As CEO of Solar Fire since a few months, my work is very demanding, being involved with both the delivery and acquisiton sides, keeping a bird’s eye perspective and going down to the nitty-gritty of day-to-day activities on a constant basis. We had just reached a milestone on the fundraising side and at the same time a major training program was coming to a close: It was time to jump on the opportunity to visit the projects, the entrepreneurs and see old and new team members, with 6 of them whom I would meet for the first time in real life!
So during my trip, I was able to visit one of the last training courses for a project we are delivering to our client Plan International in Tororo, Uganda.
It was a hot, sunny day, and after our bakery trainer Allan finished his first segment on making muffins (known as Queen Cakes in Uganda), the muffins were in the solar oven and our entrepreneurship trainers Callum and Hanna continued on the bookkeeping part of the training.
I’ve taken such workshops before and my body immediately reacted with a wave of tiredness as my mind wandered to the 30 other things demanding my attention at Solar Fire.
The typing noise of calculators that were handed out brought me back just 10 minutes into the session, and I noticed the strong engagement of the group. Callum asked, “Why is there more money in the account than cookies were sold?”. - A participant: “Shouldn’t we have cookies left?”- Another: “No, all cookies were sold by Sunday”. Callum: “So, clearly someone sold cookies between last Friday, brought the money into the account but did not subtract it from the inventory nor add it to the bookkeeping. You see, just now, a day after it happened it is hard to reconstruct what happens. That’s why the bookkeeping needs to be done right way. OK. Let it be a lesson and reminder for us. Let’s go into this”. …and they proceeded to figure out exactly who made the sales, and updated the accounting based on this, if you ask me, very positive problem.
Even what I would consider the most “dry” and theoretical part of the training was made engaging through the entrepreneurial reality we are creating in the short time our trainers are on-site. And it continued: As the muffins came out of the oven, the instructions were very clear: “No snacking”. I had to withstand my urge to just grab a delicious looking muffin: I asked about the rule and it is something they developed through the trainings: If you make it clear that every muffin snacked is a muffin not sold and a direct loss for the bakery, people’s business mindset is honed and put in place from the beginning.
Now we were inside a large compound in a hall where the training was conducted, outside on the main road construction works were happening. I would say a 10 minute walk from the construction site. Yet suddenly a man enters the building and asks if he can buy some Queen Cakes. A sale happened and I was really impressed: The word of mouth is really working, and the solar bakery is quickly worth a visit just because of it’s innovative aspects, and at the end of this day, all queen cakes were sold again, to few additional clients that the participants had called and animated.

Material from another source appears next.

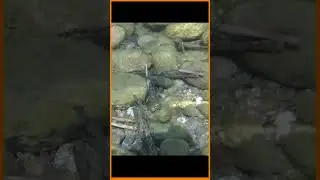 the Caddisfly in the Ceronda stream#shorts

The participants all made sales, brought in cash through their work and had a real entrepreneurial success just after one week when I arrived, and at the end of the second week, our trainers left them with a profit in their account and an inventory of starter-ingredients for them to efficiently continue running their bakery. This entrepreneurship-creation process was really impressive to experience firsthand. It was extremely motivating to see how with Lytefire we can create real entrepreneurship opportunities wherever we go.
The experience was confirmed by the various other solar entrepreneurs I got to meet on my trip, and from some of them, you will soon hear more!